The “Mafia Capitale” investigation – which brought evidence of a criminal organization infiltrating Rome’s city hall – was the final straw.
Prime Minister Matteo Renzi rolled out new laws, while the country’s anti-corruption chief announced new plans to convince companies to stay clean.
After decades of scandals costing millions of euros, The Local hopes Italians will embrace the new changes and cast corrupt politicians and business owners aside.
Envelopes stuffed with cash? Oh so very last year.
Jobs will be granted on merit
We spent much of 2014 talking about Matteo Renzi’s Jobs Act, part of his reform package which aimed to tackle Italy’s growing unemployment crisis.
Supporters of the bill said making it easier to fire and hire staff will create a more flexible job market, while those opposed said it stripped workers of their rights.
We optimistically see 2015 as being the year when Italian jobseekers are at long last valued for their qualifications and experience, rather than who they know. Fair competition will lead to a new level of productivity within companies and public administration, while good service will come as standard.
With unemployment plummeting, foreign businesses will rush to invest in Italy and émigrés will be drawn back home.
Italy will become a wifi hub
Ever seen a “wifi here” sign in Italy and tried to log on? Good luck with that.
Italy in 2014 continued to be one of the worst places in Europe to get online. Compared to other countries, the internet is slow and often hard to find outside of urban centres.
Within cities, those wifi signs have until now been more aspirational than an indication of service.
But now that Italy has a tech-savvy prime minister (he’s on Twitter, at least), it’s about time the country caught up.
The government’s digital agenda will likely help, but we’re putting our faith in the young Italians who can’t take a few steps without posting a selfie of themselves on Facebook.
By the end of 2015 The Local predicts every wifi hotspot will bring internet speeds to rival Silicon Valley.
Italy will celebrate its multicultural identity
High immigration and the financial crisis are a recipe for xenophobia, which in Italy and elsewhere has resulted in growing hostility towards outsiders.
Anti-immigrant speeches by right-wing politicians may currently be a crowd-pleaser, but this will be short-lived.
Italy’s economy is due to return to growth next year – in part boosted by the net contribution from foreigners – bringing with it a more welcoming view of immigrants.
The Italian word extracomunitario (non-EU) will no longer be thrown around in negative terms, but will be used simply to refer to someone who isn’t European.
If Renzi keeps his promise, babies born in Italy will have the right to Italian citizenship as children.

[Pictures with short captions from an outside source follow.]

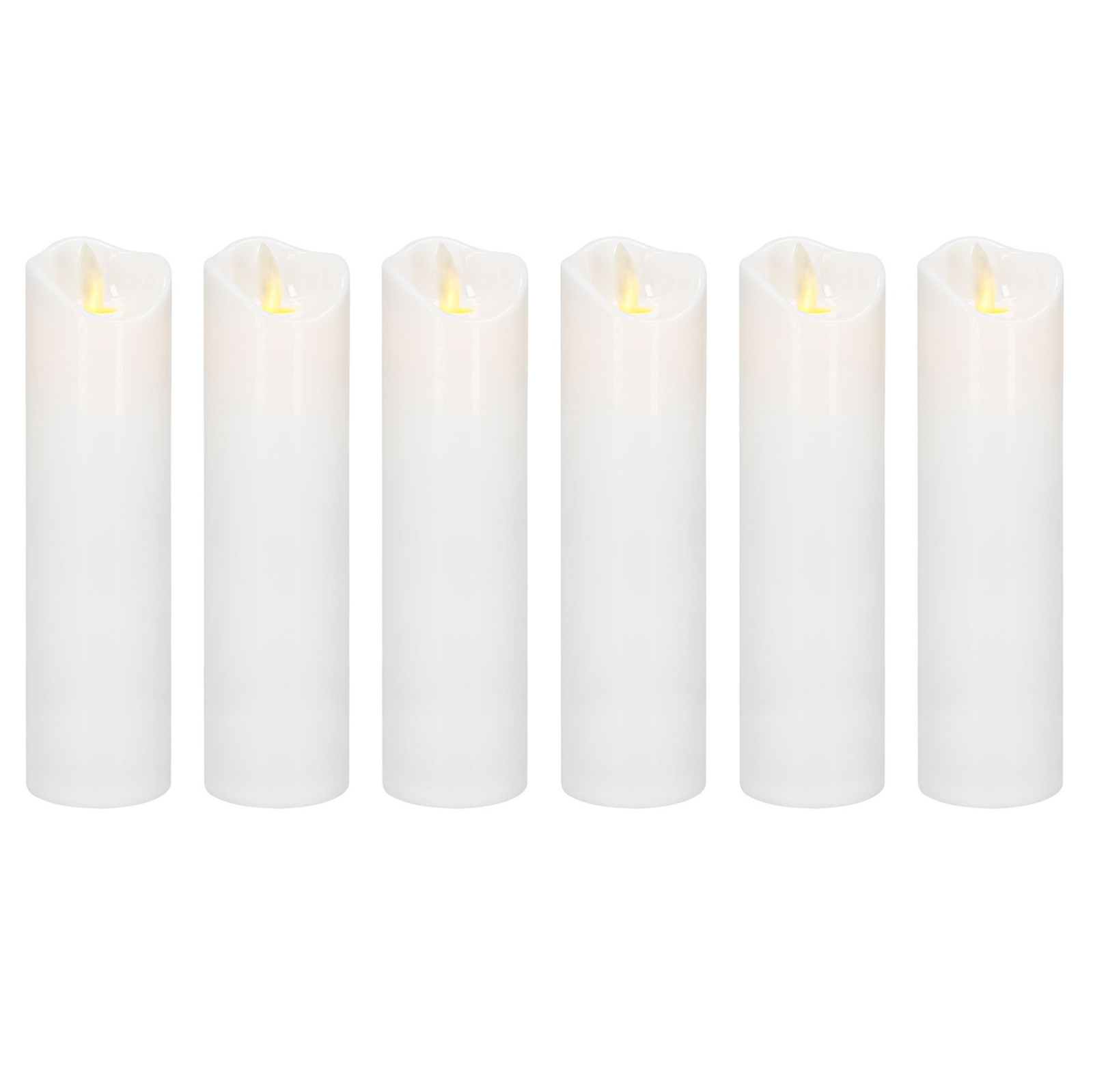 Świece LED elektryczne 6 szt. 18,5 cm świeczki na baterie, wkłady do znicza ruchomy płomień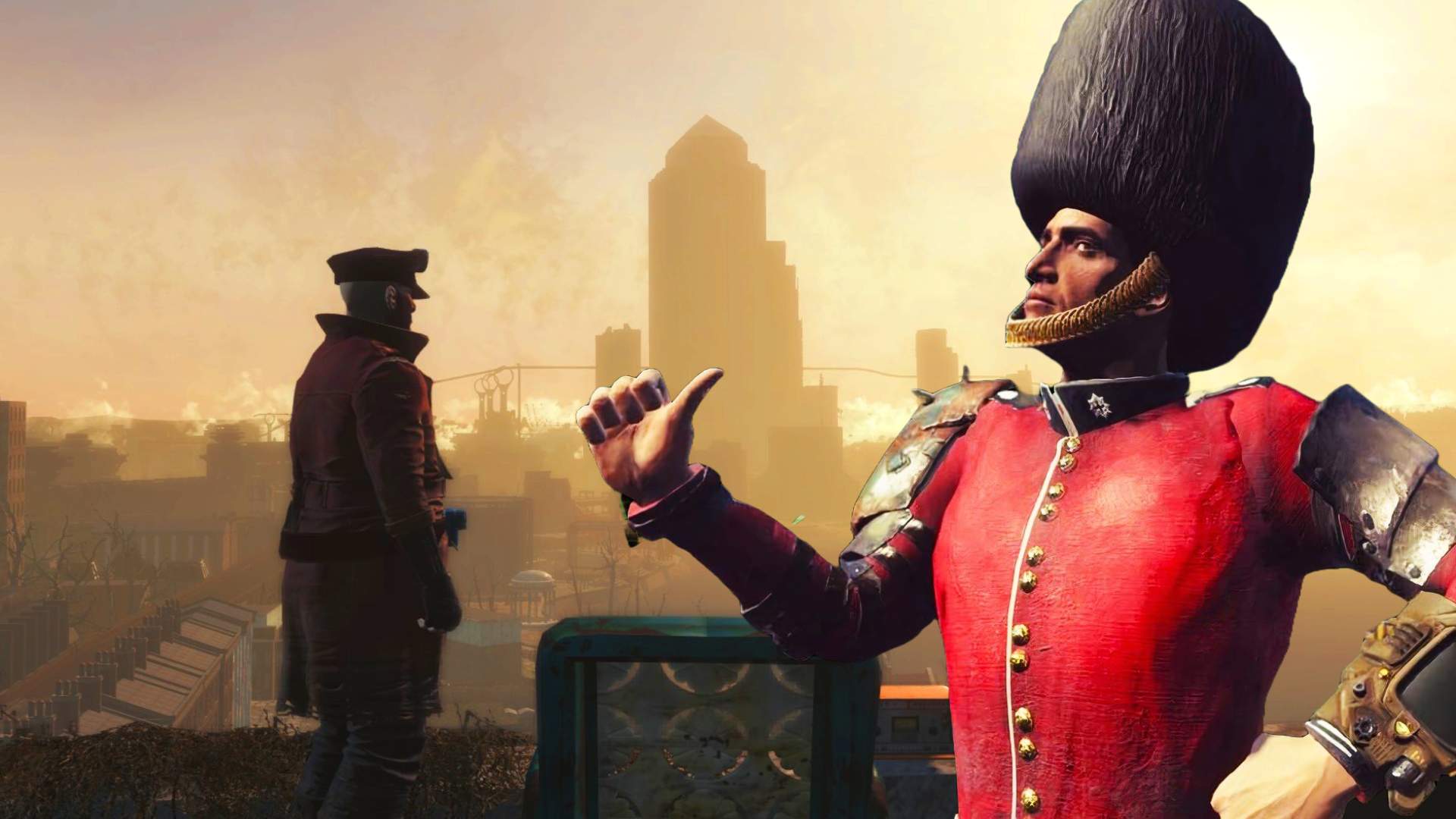 A fallout london screenshot showing a tower guard standing in front of an apocalyptic sunset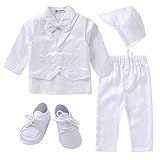 Taufe Outfits für Jungen: Baby Boys Taufe Outfit umfasst passende Kappe, shirtwith Fliege, Weste (verschiedenen Stil), Smart Pants haben eine halbe elastische Taille für einen Komfort und perfekte Passform. und Schuhe.Adorable Seil Fliege Verschluss sorgt dafür, dass diese Schuhe sicher auf Sie babys 'Füße, leicht und flexibel, um natürliche Fußbewegung zu unterstützen.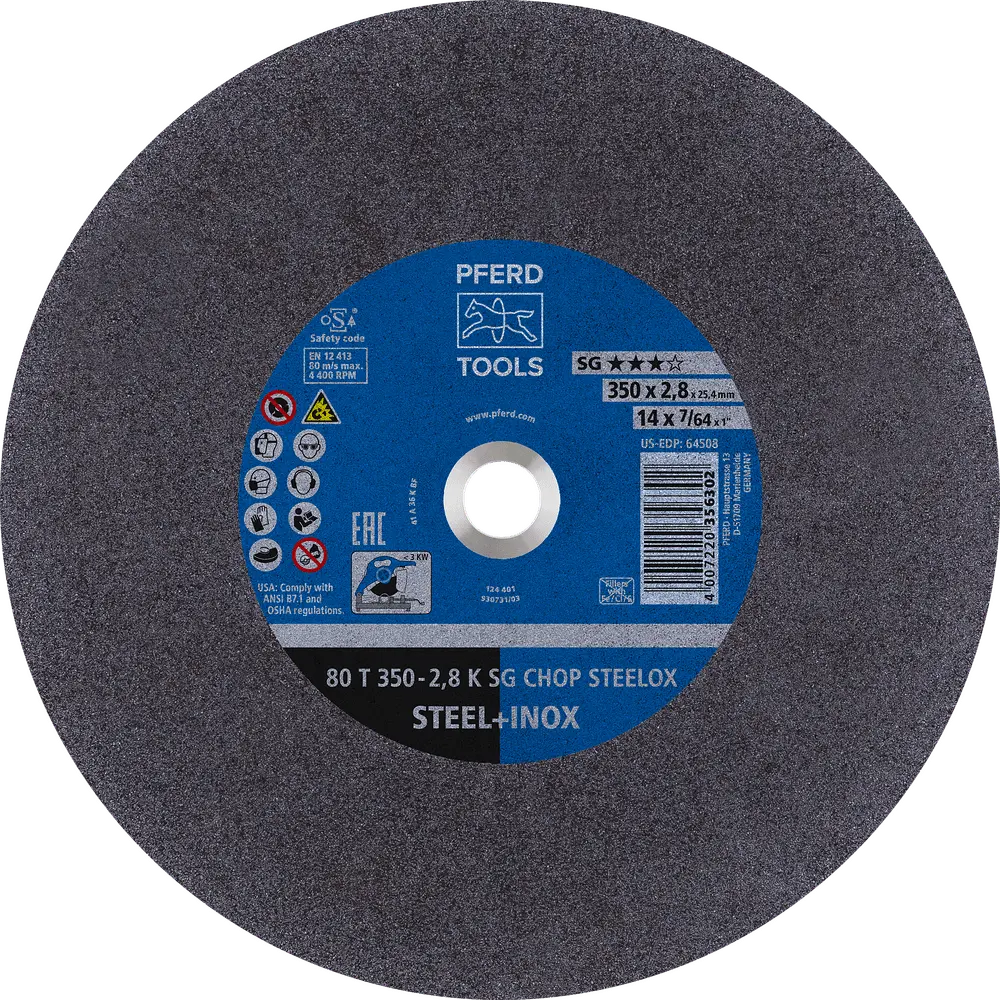 Produktfoto 1 von PFERD TOOLS Trennscheibe Metallkreissäge T 350x2,8x25,4 mm Leistungs-Li. SG CHOP STEELOX Stahl/Edelstahl, 10 Stk.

A new generation of multilingual, multicultural Italians will be born and welcomed by their neighbours.
The Italian mafia will be defeated
Italy’s Camorra, Cosa Nostra and ‘Ndrangheta mafias have crippled parts of the country for decades.
Huge profits from the global drugs trade have been reinvested through Italy’s financial capital, Milan, while other mafia means such as protection rackets continue to this day.
But if Italy cracks down on corruption and enables the legal economy to create a prosperous country, mobsters will be forced to go elsewhere.
It’s no small task – the Italian mafias are among the most powerful criminal organizations in the world – but The Local has high hopes.